Yo aún era pequeña cuando al año siguiente emigramos a Occidente. Pero sigo sintiendo un enorme orgullo por el país que nos obligaron a abandonar. El 16 de junio de 1989 estuve con otros 300 000 húngaros en la Plaza de los Héroes en Budapest, cuando se dio nuevo entierro a los muertos de la revolución fallida.

Conmovida hasta las lágrimas por la solemne ceremonia, aún recuerdo al último orador, un muchacho de 26 años, delgado, con barba, que declaró: «Con determinación suficiente, podemos obligar al partido [comunista] gobernante a enfrentar elecciones libres». Con esas palabras inspiradoras, el joven Orbán inició su ascenso político. Unos meses después se fue de Budapest para estudiar en la Universidad de Oxford con una beca del financista y filántropo estadounidense George Soros, a quien hoy calumnia todo el tiempo para usarlo como chivo expiatorio en cualquier tema.

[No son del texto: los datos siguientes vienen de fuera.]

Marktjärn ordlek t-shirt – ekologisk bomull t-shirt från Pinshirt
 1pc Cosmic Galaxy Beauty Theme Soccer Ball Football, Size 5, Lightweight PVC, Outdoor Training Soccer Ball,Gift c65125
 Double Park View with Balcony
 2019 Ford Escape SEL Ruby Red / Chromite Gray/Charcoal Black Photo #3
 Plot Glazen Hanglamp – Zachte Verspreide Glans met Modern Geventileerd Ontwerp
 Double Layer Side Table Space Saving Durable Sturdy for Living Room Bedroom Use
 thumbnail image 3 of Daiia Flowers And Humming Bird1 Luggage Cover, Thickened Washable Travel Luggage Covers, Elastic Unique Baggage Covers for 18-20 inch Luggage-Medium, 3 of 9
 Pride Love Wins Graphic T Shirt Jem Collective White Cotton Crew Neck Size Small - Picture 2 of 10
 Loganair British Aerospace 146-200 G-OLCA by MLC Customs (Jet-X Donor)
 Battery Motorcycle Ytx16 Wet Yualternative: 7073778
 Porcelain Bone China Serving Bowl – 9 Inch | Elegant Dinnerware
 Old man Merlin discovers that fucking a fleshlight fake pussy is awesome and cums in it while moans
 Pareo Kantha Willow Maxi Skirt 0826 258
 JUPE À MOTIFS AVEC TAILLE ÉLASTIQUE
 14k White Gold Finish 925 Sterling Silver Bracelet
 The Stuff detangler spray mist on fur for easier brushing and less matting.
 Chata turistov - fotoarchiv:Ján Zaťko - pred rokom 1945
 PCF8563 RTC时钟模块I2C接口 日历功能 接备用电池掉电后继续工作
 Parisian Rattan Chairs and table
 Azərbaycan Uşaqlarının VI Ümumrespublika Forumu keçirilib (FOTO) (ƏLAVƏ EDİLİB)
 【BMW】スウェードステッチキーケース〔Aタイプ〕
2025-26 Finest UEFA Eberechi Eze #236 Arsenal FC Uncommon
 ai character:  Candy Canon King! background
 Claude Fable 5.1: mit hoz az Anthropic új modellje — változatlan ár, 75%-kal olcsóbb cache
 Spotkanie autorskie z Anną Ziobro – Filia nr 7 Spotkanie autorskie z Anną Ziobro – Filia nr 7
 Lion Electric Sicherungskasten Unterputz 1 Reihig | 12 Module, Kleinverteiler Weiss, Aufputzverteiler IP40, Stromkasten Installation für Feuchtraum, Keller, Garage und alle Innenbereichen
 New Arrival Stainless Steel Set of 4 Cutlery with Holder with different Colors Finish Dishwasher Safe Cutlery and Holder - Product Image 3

En 1995, mientras demagogos regionales alentaban una guerra genocida en los Balcanes, elegí mi ciudad natal como lugar para contraer matrimonio con el diplomático Richard Holbrooke, que aún estaba en medio de las negociaciones para el final del conflicto. En el brindis nupcial, con el presidente húngaro Árpád Göncz a su lado, mi nuevo marido dijo: «Con este matrimonio, también le doy una nueva bienvenida a Hungría a la familia europea de democracias a la que pertenece».

Richard y yo tuvimos una relación amistosa con Orbán durante su primer mandato; incluso vino a cenar a casa. Aunque no es un dictador asesino a la manera del presidente ruso Vladimir Putin, carece de convicciones profundas, más allá de la acumulación de poder para sí mismo. Su ingenio está en atizar sentimientos de nacionalismo frustrado y asegurar a los húngaros que es el único que puede protegerlo de un mundo hostil y no cristiano. Ese mismo discurso lo oí a menudo hace veinticinco años en labios de los señores de la guerra en los Balcanes.

Aunque Hungría ya no encarcele a periodistas independientes, el régimen de Orbán silencia las voces críticas en formas más sutiles e igual de efectivas; por ejemplo, negando licencias de radiodifusión y concentrando medios de prensa en conglomerados manejados por aliados de Orbán. Las tropas soviéticas que otrora patrullaron mi vecindario ya no están; pero en Orbán, Putin tiene un aliado dentro de la UE, aunque el Kremlin esté poniendo en riesgo la seguridad de Hungría desde el este, en Ucrania.

Orbán se mostró incapaz de hacer realidad la promesa que pronunció en la Plaza de los Héroes en 1989. Cuando el Estado controla el 90% de los medios en Hungría, mal pueden las elecciones llamarse «libres». Pero la decisión de este año no depende de Trump, o de Carlson, ni siquiera de Orbán; depende de los votantes húngaros.

Casi medio millón de húngaros (de una población de diez millones) optaron por emigrar desde que Orbán asumió el poder. Ahora los miembros de la diáspora húngara tenemos una responsabilidad especial de hacernos oír, para que los húngaros ya no tengan que irse a hacer realidad su potencial en otro país.

Por segunda vez en mi vida, Hungría tiene una oportunidad de ser un «símbolo luminoso del anhelo humano de libertad». Pero es necesario que los húngaros la aprovechen mientras todavía pueden.